E’ stata la premeditazione subdola l’elemento chiave di quello  che è successo ieri in Francia. Don Jacques Hamel è stato trucidato in nome di Allah mentre celebrava messa nella piccola chiesa di Saint-Etienne-du-Rouvray. A lui non hanno chiesto di recitare i versetti del Corano – come agli occidentali macellati a Dacca -, ma, hanno aspettato che l’infedele, il rappresentante di Cristo in terra, stesse in chiesa, con addosso i paramenti sacri e celebrasse l’eucarestia, per sgozzarlo.  

Eppure c’è poco di sorprendente se le lame dell’islam sono sempre più affilate, e se il sangue degli infedeli continua a scorrere. A inizio mese è stato presentato al Parlamento europeo il rapporto annuale sulla libertà di religione e di credo. E il dato che emerge con chiarezza, senza tergiversare troppo, è che la libertà religiosa nel mondo è minacciata dall’islam. 

Cinque le aree su cui è stato concetrato il lavoro: Medio Oriente, Africa subsahariana e nord Africa, Asia e Oceania e le Americhe. Rileggerlo, alla luce di quello che è successo negli ultimi due mesi, lascia basiti rispetto all’indifferenza dei media e dei governi. E’ descritto in maniera evidente quanto l’islam entri in ogni cosa. Penetra in ogni aspetto dai rapporti personali – se parlo con un uomo o con una donna, è l’islam a deciderlo, frequentare uno straniero è possibile solo in seguito alla certezza che sia credente e musulmano – fino alle scelte sociali, politiche, commerciali. Dal rapporto vengono fuori tantissime situazioni drammatiche, e scorrono le pagine delle dimensioni della violazione di un diritto fondamentale. 

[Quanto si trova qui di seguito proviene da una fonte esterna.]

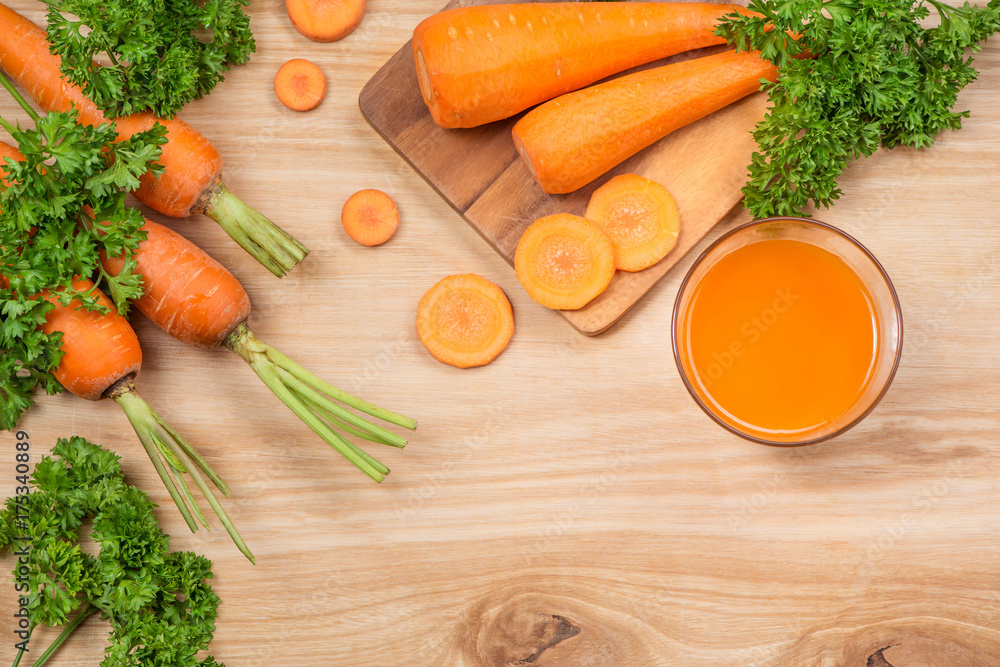 Glass of fresh carrot juice with vegetables on wooden table. Glass of fresh carrot juice with vegetables on wooden table.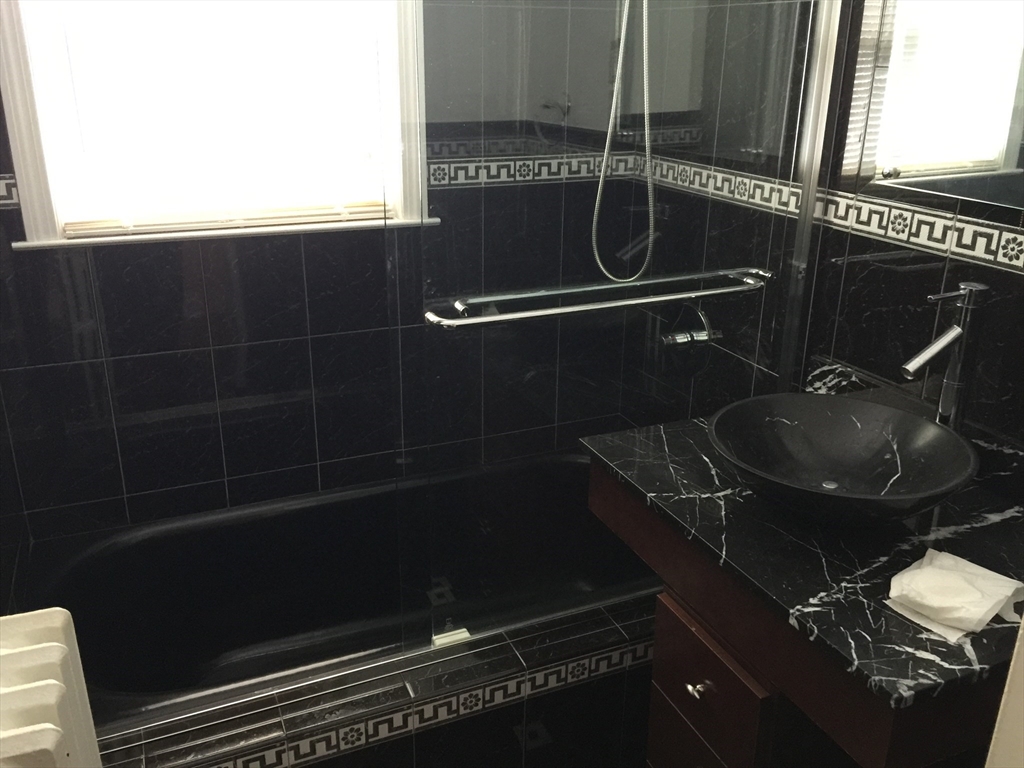 128 Institute Road, Unit 2 Worcester, MA 01602 - Photo 7 of 9 a bathroom with a sink a toilet and a mirror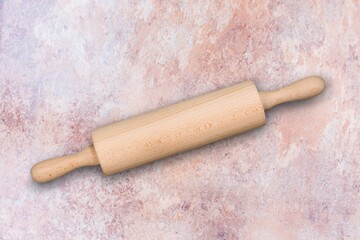 New wooden cooking rolling pin on desk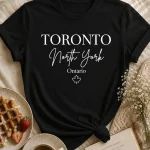 North York Toronto black t-shirt close-up - maple leaf and script detail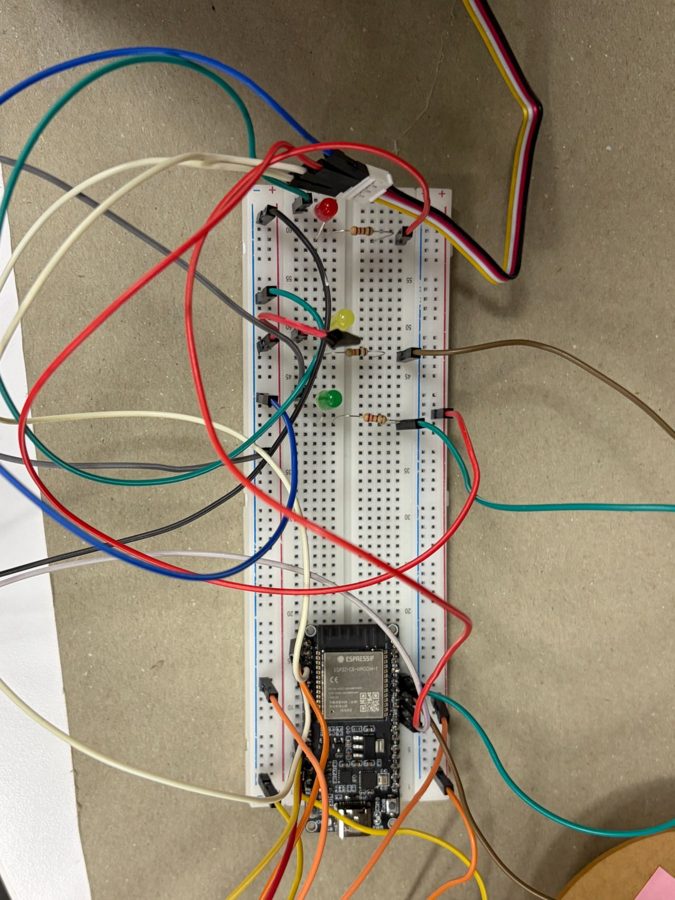 The ESP32-C6 board on a breadboard with red, yellow and green indicator LEDs and jumper wiring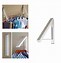 Image result for Wall Mounted Retractable Clothes Hanger Rack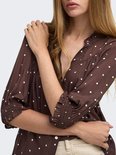 Model draagt bruine blouse met witte polkadotprint en gerimpelde mouwen tot 3/4.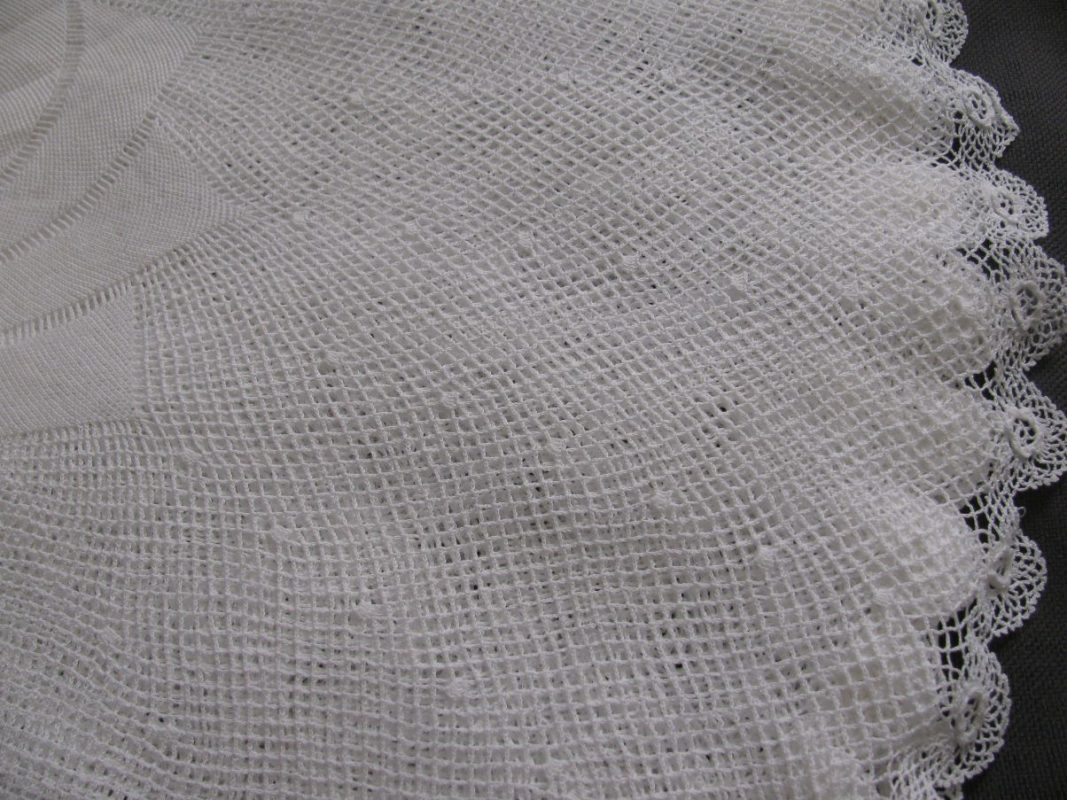 Close-up of the Fine Pinwheel Crochet Lace & Irish Rose Trim Round Tea Tablecloth, featuring delicate white lace with a mesh pattern, scalloped edges, and intricate stitching for a soft, detailed texture.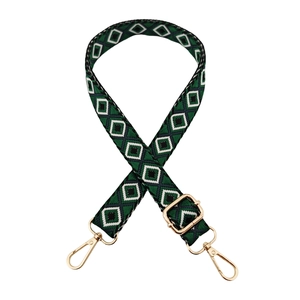 Detail of adjustable geometric diamond pattern bag strap with gold metal lobster clasps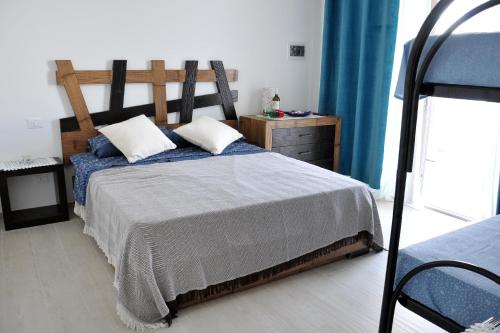 Postel nebo postele na pokoji v ubytování Sant Isidoro suite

In Indonesia l’87% della popolazione è di religione musulmana. A regolare l’ordine è la sharia. Nel 2014 è stato approvato un decreto per rendere ancora più severe le sue norme di restrizione, e, nel 2015 la regione di Aceh ha assistito ad un’ondata di attacchi violenti contro i cristiani: sono tre le chiese distrutte dal 2015 ad oggi. Nell’ottobre dello stesso anno, in occasione di una processione cristiana, sono state fatte esplodere bombe. 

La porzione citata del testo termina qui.